La semaine dernière Honor nous confiait un exemplaire de son Honor 10 à l’issue d’une conférence de presse rondement menée à deux pas de Tower Bridge. Après plusieurs jours à retourner l’appareil dans tous les sens, le moment est maintenant venu de vous donner notre avis à son propos.

Histoire de recarder un peu le sujet, rappelons que le Honor 10 se présente comme un flagship killer de par son positionnement tarifaire. La filiale de Huawei a en effet décidé de ne réclamer que 399 euros pour la version 64 Go de son nouveau smartphone. Tandis que pour se payer le modèle 128 Go il faudra rajouter 50 euros à l’addition. De quoi placer le mobile pile en face d’un Asus Zenfone 5, d’un Nokia 7 Plus ou d’un Galaxy A8 côté de prix – et le caler à quelques encablures d’un certain Huawei P20 tant en termes de look que de configuration matérielle.

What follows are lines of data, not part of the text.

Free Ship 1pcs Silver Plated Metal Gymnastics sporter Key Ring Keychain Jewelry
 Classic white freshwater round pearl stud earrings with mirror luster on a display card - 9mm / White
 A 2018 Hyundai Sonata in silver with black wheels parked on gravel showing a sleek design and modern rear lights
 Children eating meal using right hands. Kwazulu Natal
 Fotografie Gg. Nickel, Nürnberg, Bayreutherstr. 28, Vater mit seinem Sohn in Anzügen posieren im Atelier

Et voilà une transition rêvée pour vous parler de la fiche technique de l’appareil, qui – sans écraser la concurrence – ne fait clairement pas dans la concession gratuite.

Fiche Technique

Le Honor 10 s’articule ainsi autour d’une dalle 19:9 IPS Full HD+ (2280 par 1080 pixels) de 5,84 pouces (au passage, sa résolution atteint du coup les 432 ppp), d’un processeur Kirin 970 épaulé de 4 Go de mémoire vive et de 64 ou 128 Go de stockage interne. Attention, il ne sera pas possible d’étendre cette capacité au travers d’une carte Micro SD, le Honor 10 n’embarque pas de slot dédié. On se contente ici de deux espaces réservés à des cartes micro SIM.

Côté photo, le mobile fait dans le classique en embarquant un duo de capteurs à son dos. On y trouve en l’occurrence un capteur 16 Mpx RGB doublé d’un module 24 Mpx monochrome. L’un comme l’autre profitent d’une ouverture grand-angle à f/1.8 et tous deux sont censés travailler ensemble pour générer de meilleurs clichés. À noter qu’un capteur selfie de 24 Mpx est bien sûr de la partie.

La spécificité du Honor 10, à l’instar des Huawei Mate 10 Pro, P20, P20 Pro ou encore du Honor View 10 lancé en décembre dernier, est d’embarquer une puce NPU (Neural Processing Unit). Intégrée au mobile en complément de son SoC, cette dernière est dédiée à l’IA et sera notamment utile en photo… mais nous y reviendrons un peu plus loin.

Les grandes lignes des spécificités techniques du Honor 10 sont à présent dressées, rappelons simplement que le mobile profite d’une batterie de 3400 mAh, d’une connectivité Bluetooth 4.2 et Wifi 802.11 a/g/b/n/ac et d’une connectique axée sur une sortie Jack 3,5mm ainsi qu’un port USB Type-C.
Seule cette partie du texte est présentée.